CR84 Funeral policy


Funeral policy – claim repudiated on basis that deceased did not fall within definition of “spouse” and complainant did not pay funeral costs – “common law spouse” – equity.


The complainant took out a funeral policy in 2001. He elected to pay premiums for “member, spouse and children” to include cover for the woman he was involved with and her children. The woman died three years later. When the complainant tried to claim the funeral benefit (a cash sum) the insurer refused to pay, stating as reasons that he and the deceased had not lived under one roof as husband and wife or shared the costs of running a home together, and he had not been involved in the funeral arrangements.

The complainant provided an affidavit stating that, although not married, he and the deceased had lived as man and wife; he also furnished an affidavit from the school principal confirming this. He stated that the deceased had had a house about fifty yards away from his house where she was with her children during the day but that she stayed with him at night, and sometimes he slept at her house. According to the insurer’s investigator, the deceased’s children confirmed that the complainant bought food and electricity for them; the school principal confirmed that the complainant and the deceased had attended school functions together. The complainant stated that he had promised to marry the deceased and had been saving for the marriage, as “trou is nie perdekoop nie”; he had taken out the policy with the impending marriage in mind. He stated that he had not attended the funeral as he was unwell; he was an epileptic and did not wish to embarrass the family. Although he had not paid for the funeral he had outstanding debts arising from the funeral.
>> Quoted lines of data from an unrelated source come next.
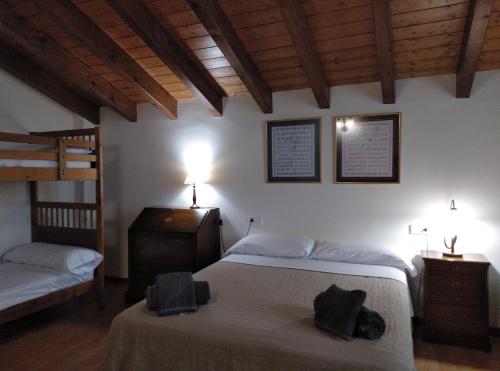 a bedroom with two beds and a dresser and two bunk beds at La Borda de Sort in Sort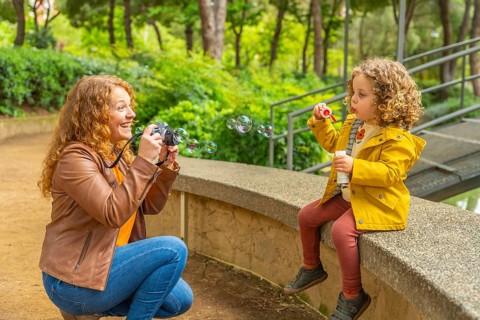 Mother taking portraits to her daughter blowing bubbles sitting on a park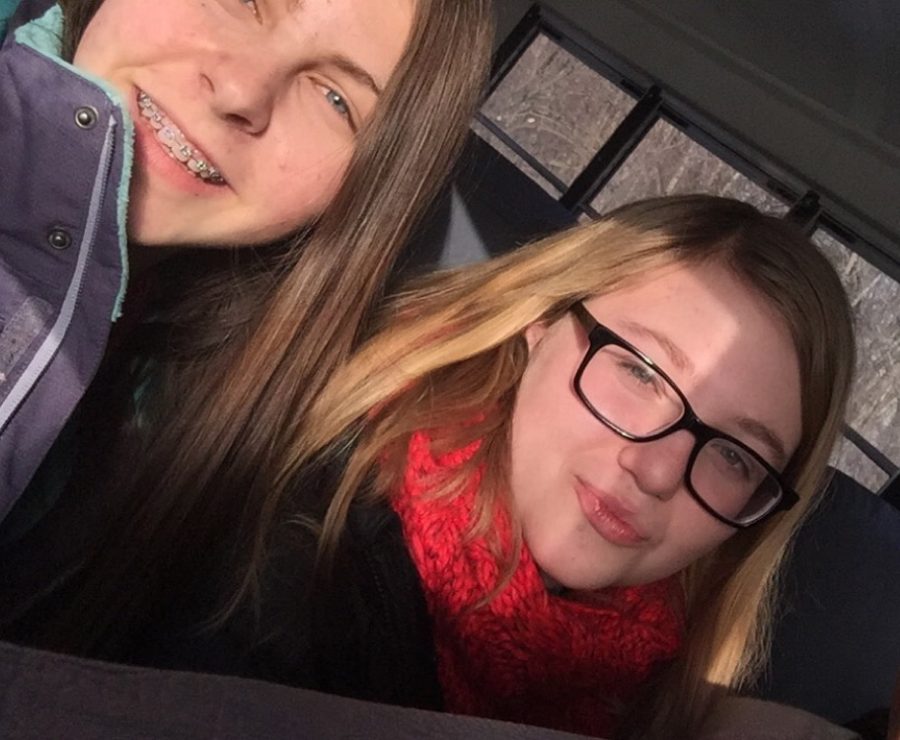 Hildebrand and a friend take a selfie on the bus.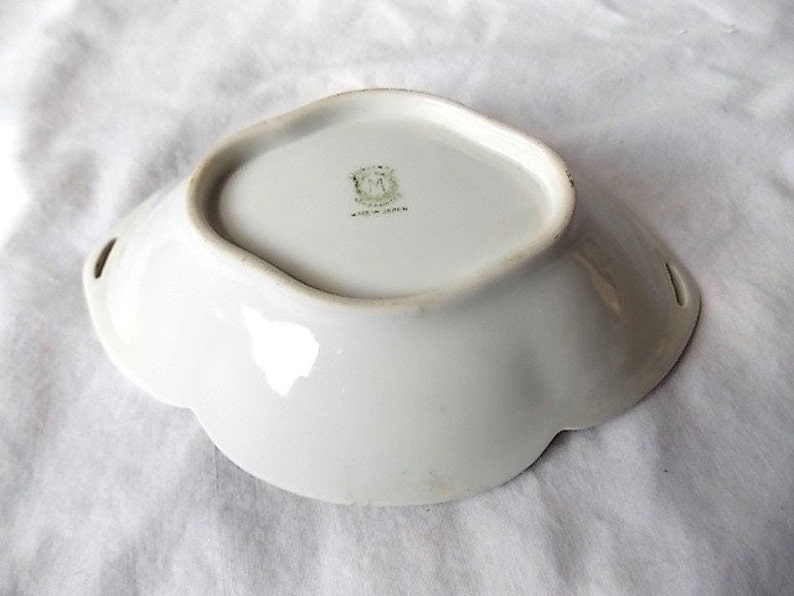 May include: A white porcelain dish with a scalloped edge and two small handles. The dish has a slightly raised rim and a smooth, glossy surface. The base of the dish has a green and gold emblem and the words "Made in Japan".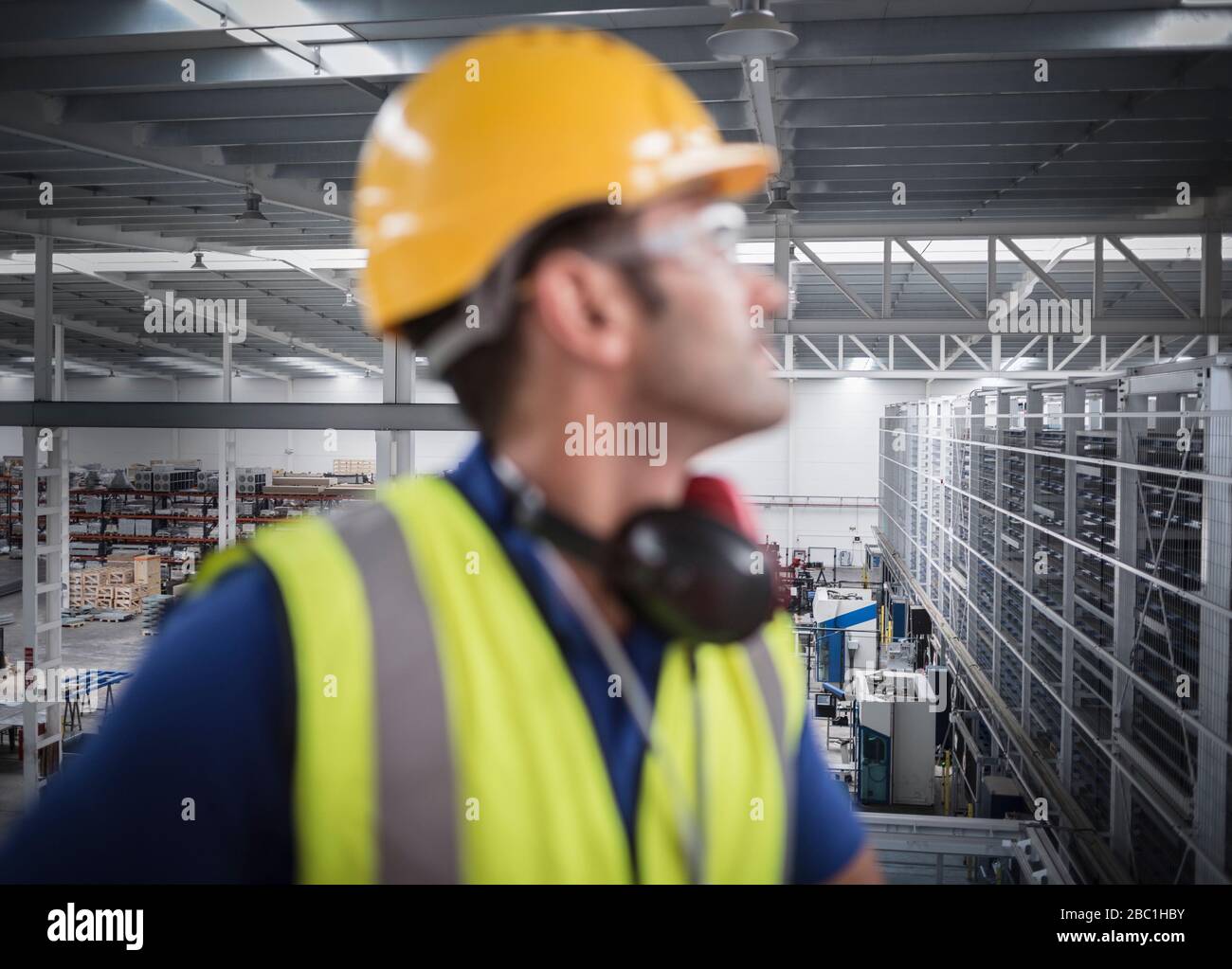 Lavoratore maschile che guarda via sulla piattaforma in fabbrica Foto Stock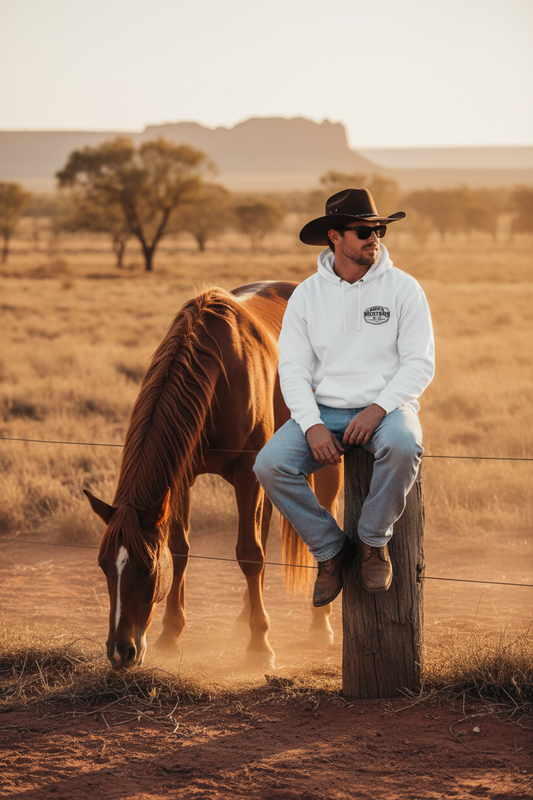 Man in white hoodie with horse
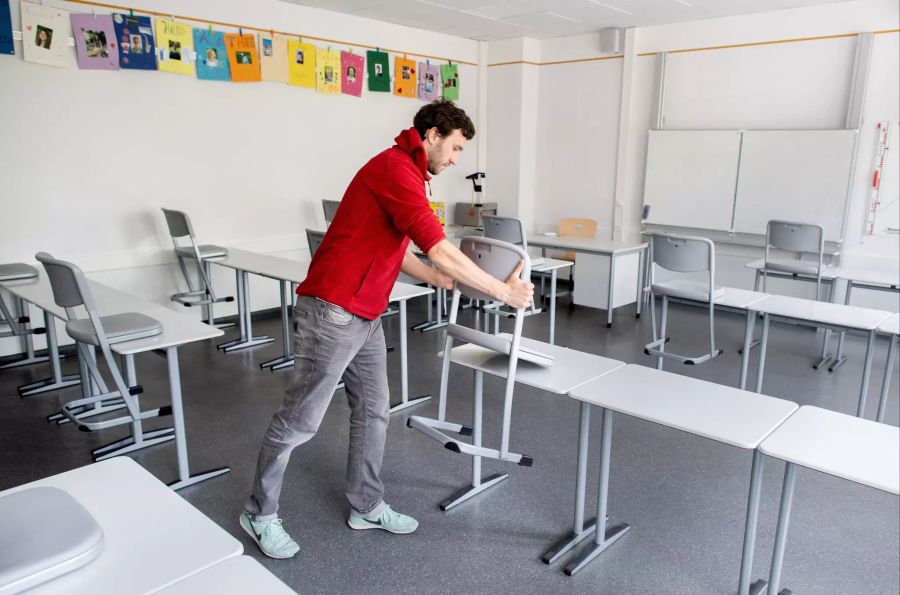 Ein Lehrer bereitet das Schulzimmer für den Unterricht vor.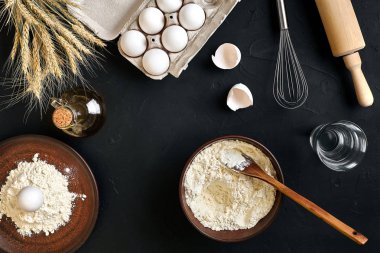 Siyah mutfak masasında makarna pişirme malzemeleri. Metnin için alanı olan en üstteki görünüm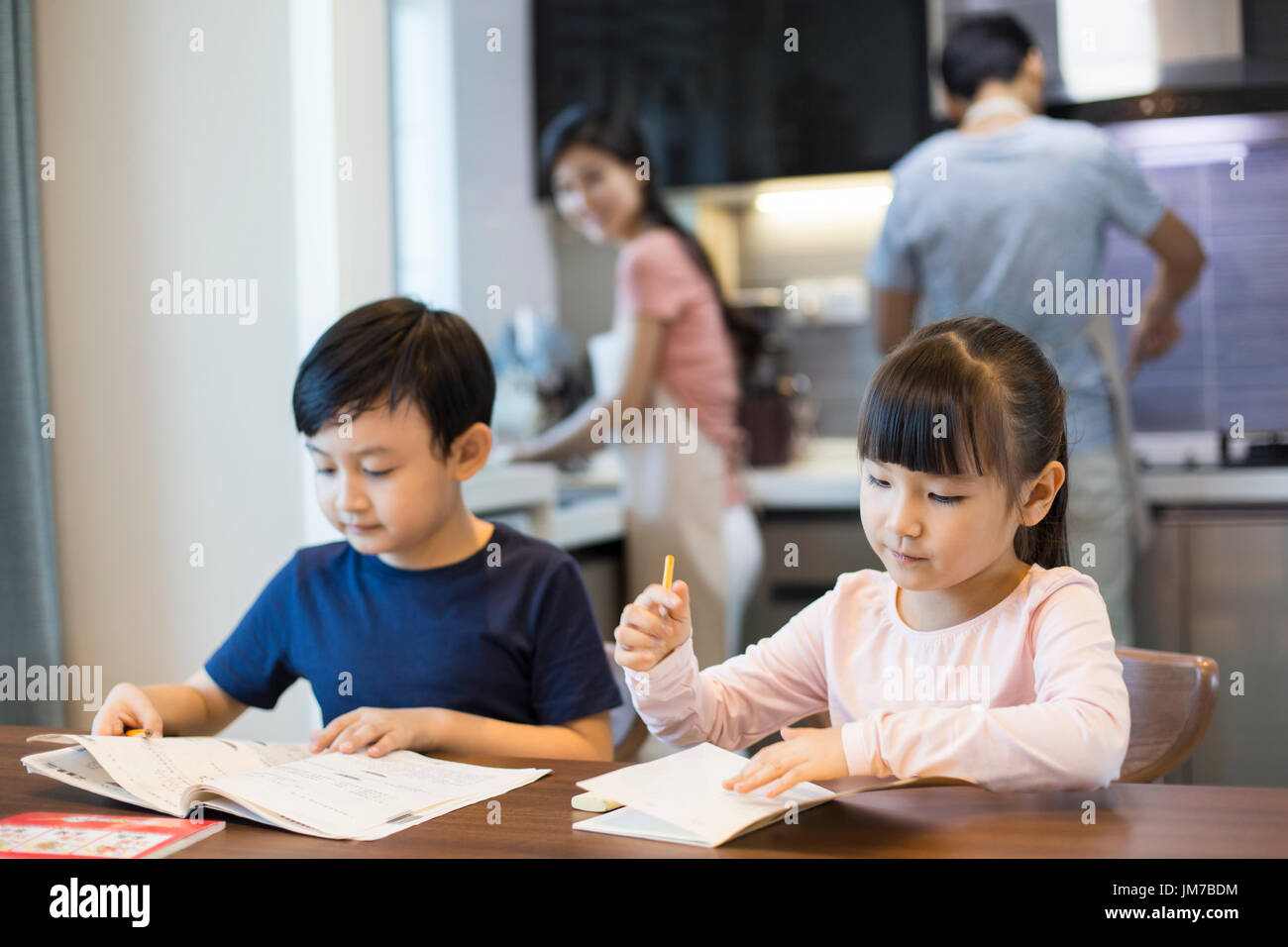Happy Chinese siblings studying together at home Stock Photo Alamy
The definition of “spouse” in the policy reads as follows:

“Spouse – means the legal or common-law husband/wife of a Member or such other person residing with the Member who is normally regarded by the community as the Member’s husband/wife”.

Our office took the view that, in the circumstances, considerations of equity required that the deceased be regarded as conforming to the requirements for the definition of spouse. Furthermore it was pointed out that there was no requirement in the policy that the policyholder be “involved” with the funeral arrangements; the benefit payable on the death of an insured is a cash benefit and there is no requirement that this actually be used to defray funeral costs. A preliminary ruling was made that the claim should be admitted.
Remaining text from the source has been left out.